[I18n-sig] UCS-4 configuration

Martin v. Loewis martin@loewis.home.cs.tu-berlin.de
Wed, 27 Jun 2001 00:50:24 +0200


> ouch.  duplicate effort here.

Sorry about this. When I noticed you had some code committed, I
thought "release early, release often".

> go ahead and check it in.

Done. Some clean-up could be still applied, such as defining only one
of USE_UCS4_STORAGE and Py_UNICODE_SIZE, but I'll leave that to your
judgement (i.e. I won't attempt any further changes at the moment
unless asked).

> looks like your patch doesn't support sizeof(short) > 2 (e.g. cray).
> except for that, it's not too different from what I was working on.

Indeed it doesn't.

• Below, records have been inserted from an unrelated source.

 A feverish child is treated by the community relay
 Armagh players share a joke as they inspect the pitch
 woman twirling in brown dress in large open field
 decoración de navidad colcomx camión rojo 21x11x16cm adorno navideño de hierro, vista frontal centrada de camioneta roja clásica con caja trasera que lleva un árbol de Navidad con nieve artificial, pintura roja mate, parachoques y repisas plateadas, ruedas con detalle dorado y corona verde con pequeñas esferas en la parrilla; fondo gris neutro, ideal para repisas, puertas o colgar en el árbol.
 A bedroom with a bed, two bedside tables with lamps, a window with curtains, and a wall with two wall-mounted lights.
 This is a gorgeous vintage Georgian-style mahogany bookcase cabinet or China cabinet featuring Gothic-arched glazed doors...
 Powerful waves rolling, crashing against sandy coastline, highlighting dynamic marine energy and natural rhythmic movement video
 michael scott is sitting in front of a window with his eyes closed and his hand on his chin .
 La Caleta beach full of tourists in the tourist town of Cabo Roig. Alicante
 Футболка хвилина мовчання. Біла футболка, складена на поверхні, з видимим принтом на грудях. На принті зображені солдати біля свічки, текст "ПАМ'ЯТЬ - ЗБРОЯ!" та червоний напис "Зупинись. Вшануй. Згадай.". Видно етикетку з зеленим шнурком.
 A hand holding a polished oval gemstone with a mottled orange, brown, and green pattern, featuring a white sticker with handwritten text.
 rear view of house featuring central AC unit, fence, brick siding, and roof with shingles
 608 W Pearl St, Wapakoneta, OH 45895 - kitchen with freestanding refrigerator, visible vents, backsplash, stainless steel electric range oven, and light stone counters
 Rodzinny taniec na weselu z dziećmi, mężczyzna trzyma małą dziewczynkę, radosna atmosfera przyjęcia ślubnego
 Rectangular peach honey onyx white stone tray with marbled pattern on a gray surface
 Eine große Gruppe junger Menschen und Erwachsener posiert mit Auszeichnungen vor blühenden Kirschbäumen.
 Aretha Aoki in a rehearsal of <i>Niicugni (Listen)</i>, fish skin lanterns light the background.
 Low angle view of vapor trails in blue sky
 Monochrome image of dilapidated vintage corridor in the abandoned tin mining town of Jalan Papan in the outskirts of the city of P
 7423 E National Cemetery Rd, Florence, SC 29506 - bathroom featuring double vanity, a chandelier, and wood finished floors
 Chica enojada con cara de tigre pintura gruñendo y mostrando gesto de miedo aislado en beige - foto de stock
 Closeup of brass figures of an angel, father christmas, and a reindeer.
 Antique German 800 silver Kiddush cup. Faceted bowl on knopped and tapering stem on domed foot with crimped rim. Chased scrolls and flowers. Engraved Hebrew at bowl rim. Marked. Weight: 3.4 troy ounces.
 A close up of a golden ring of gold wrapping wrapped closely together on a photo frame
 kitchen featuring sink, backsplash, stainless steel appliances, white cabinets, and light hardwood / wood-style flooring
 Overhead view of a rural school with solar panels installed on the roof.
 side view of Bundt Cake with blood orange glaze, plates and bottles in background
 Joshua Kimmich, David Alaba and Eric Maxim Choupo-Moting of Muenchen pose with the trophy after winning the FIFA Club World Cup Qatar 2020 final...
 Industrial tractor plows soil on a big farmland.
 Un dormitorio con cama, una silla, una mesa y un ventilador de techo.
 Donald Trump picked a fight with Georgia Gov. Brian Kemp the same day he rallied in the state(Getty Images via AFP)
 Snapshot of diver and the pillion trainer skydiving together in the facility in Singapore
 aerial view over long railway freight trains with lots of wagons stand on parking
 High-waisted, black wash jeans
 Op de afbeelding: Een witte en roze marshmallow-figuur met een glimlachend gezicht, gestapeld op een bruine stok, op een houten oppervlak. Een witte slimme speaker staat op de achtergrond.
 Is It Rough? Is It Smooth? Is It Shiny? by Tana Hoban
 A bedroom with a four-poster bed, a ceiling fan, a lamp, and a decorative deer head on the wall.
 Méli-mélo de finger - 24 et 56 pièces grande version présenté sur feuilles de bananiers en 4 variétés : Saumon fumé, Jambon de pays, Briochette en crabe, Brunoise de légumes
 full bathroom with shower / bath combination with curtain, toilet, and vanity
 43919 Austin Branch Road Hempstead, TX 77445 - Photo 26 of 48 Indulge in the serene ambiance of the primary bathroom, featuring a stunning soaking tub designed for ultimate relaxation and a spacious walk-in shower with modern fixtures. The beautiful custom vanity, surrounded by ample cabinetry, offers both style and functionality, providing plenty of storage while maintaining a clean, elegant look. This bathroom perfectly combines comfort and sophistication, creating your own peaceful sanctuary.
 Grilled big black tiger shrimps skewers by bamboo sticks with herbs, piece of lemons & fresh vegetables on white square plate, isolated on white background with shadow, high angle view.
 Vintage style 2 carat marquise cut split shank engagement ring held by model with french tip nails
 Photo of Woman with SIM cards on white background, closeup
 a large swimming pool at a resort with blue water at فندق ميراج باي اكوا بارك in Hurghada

How are you going to solve this? Generating
UCS-2/UTF-16 when you have no two-byte type is not easy, unless you
plan to do all byte operations yourself.

Anyway, at the moment, it is a compile time error if short is not two
bytes. I hope I found all places where Py_UCS2 should be used.

Regards,
Martin

P.S. This patch makes the test suite fail in four byte mode, when
trying to check the output of u'\ud800\udc02'.encode('utf-8'). IMO,
all literals denoting surrogates should be replaced with \U
literals in test_unicode; this is not done yet.